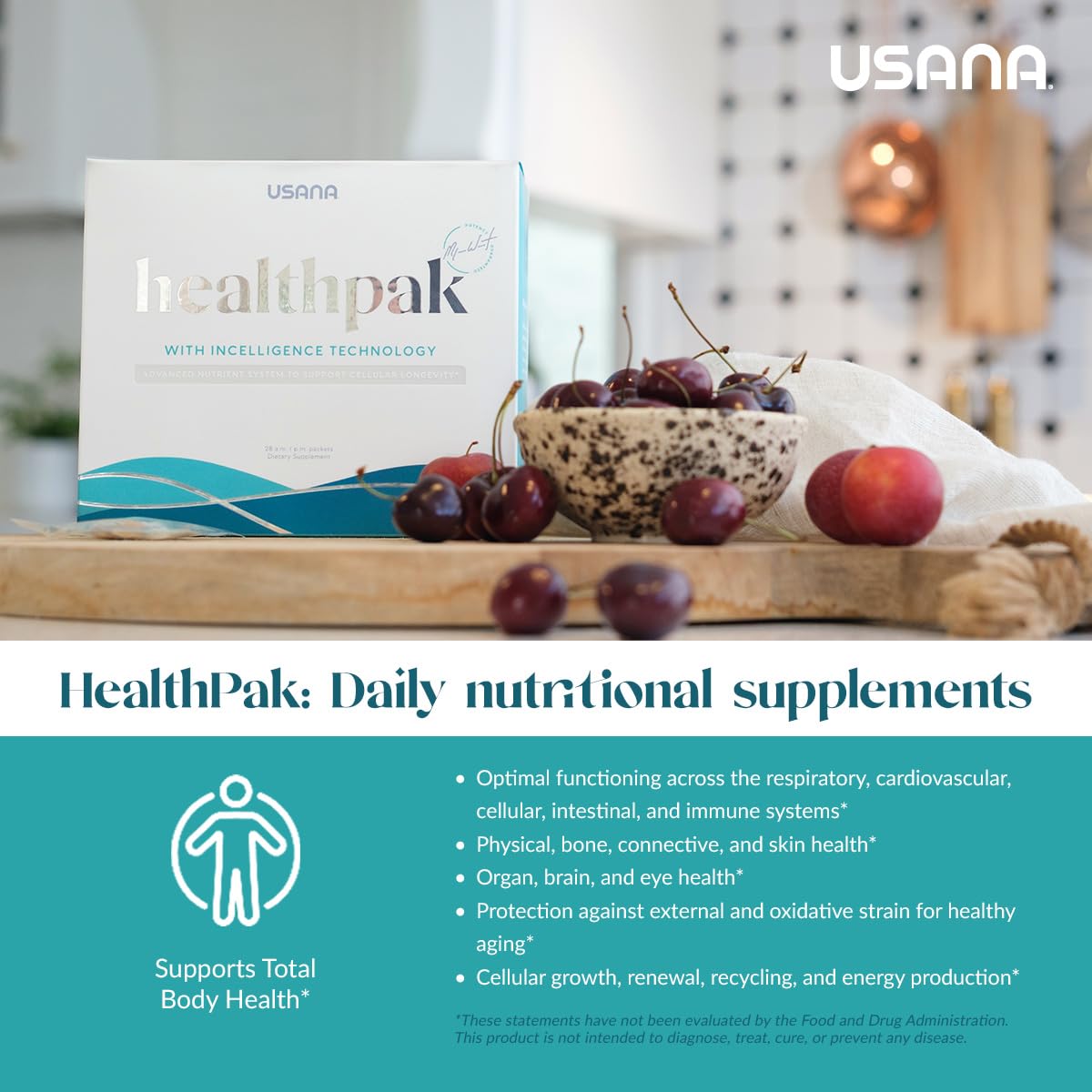 Amazon.com: USANA HealthPak 採用InCelligence 技術和必需營養素和抗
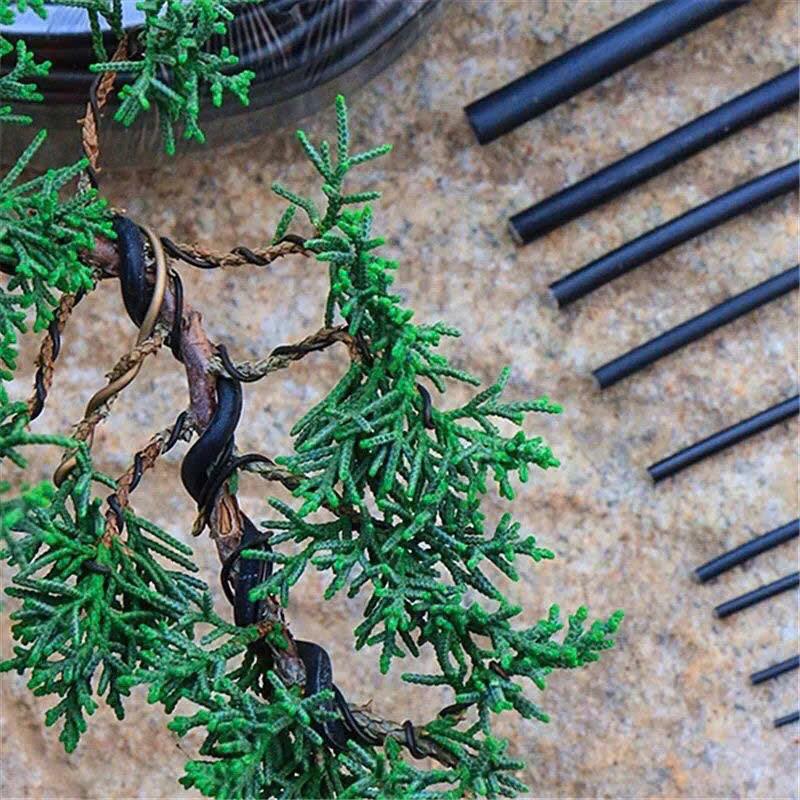 500gr Dây Nhôm Uốn Bonsai và Cây Cảnh - Dây Nhôm Đen Siêu Dẻo Chuyên Dụng Full Size 1mm-8mm 6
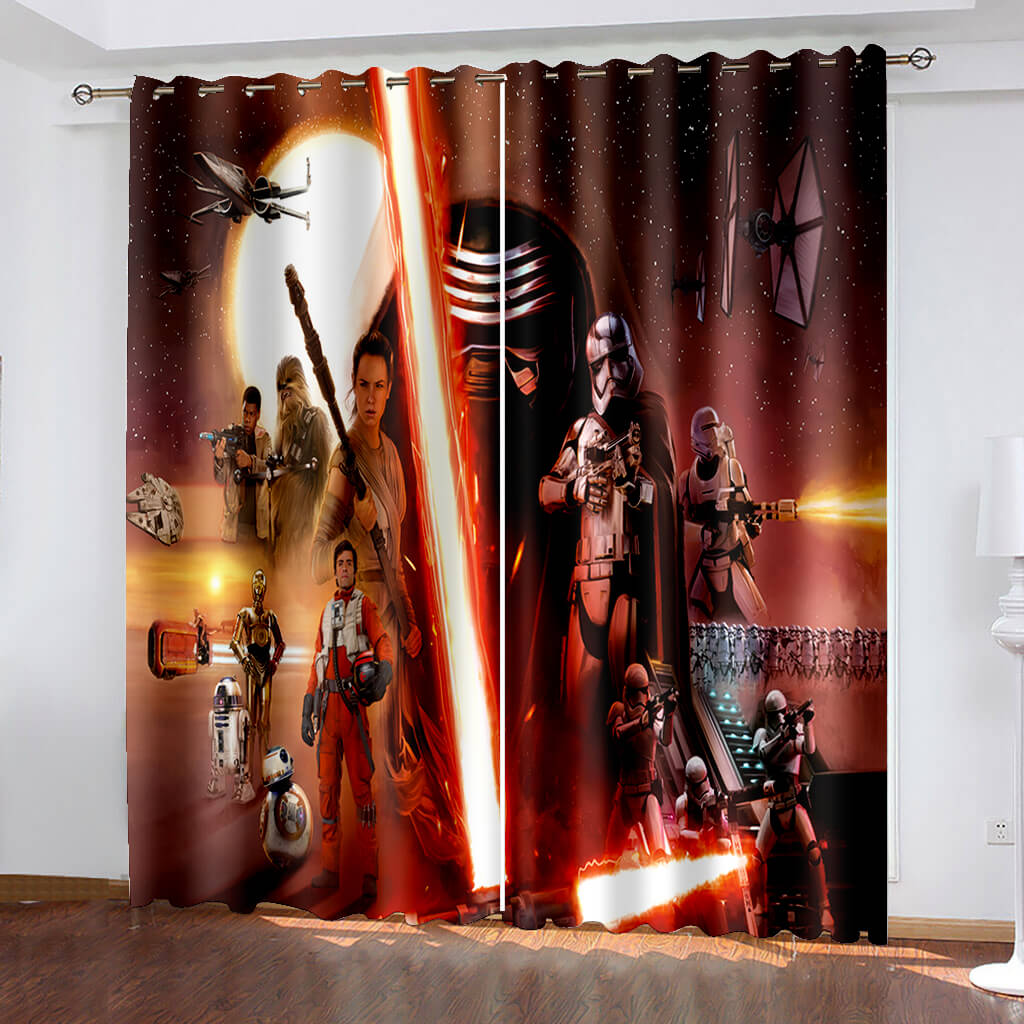 Star Wars Curtains Pattern Blackout Window Drapes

◆ **EXERCISE INSTRUCTIONS**
The listing above should be repeated word for word, pictures removed.

◆ **THE ANSWER**
 Amazon.com: USANA HealthPak 採用InCelligence 技術和必需營養素和抗
 500gr Dây Nhôm Uốn Bonsai và Cây Cảnh - Dây Nhôm Đen Siêu Dẻo Chuyên Dụng Full Size 1mm-8mm 6
 Star Wars Curtains Pattern Blackout Window Drapes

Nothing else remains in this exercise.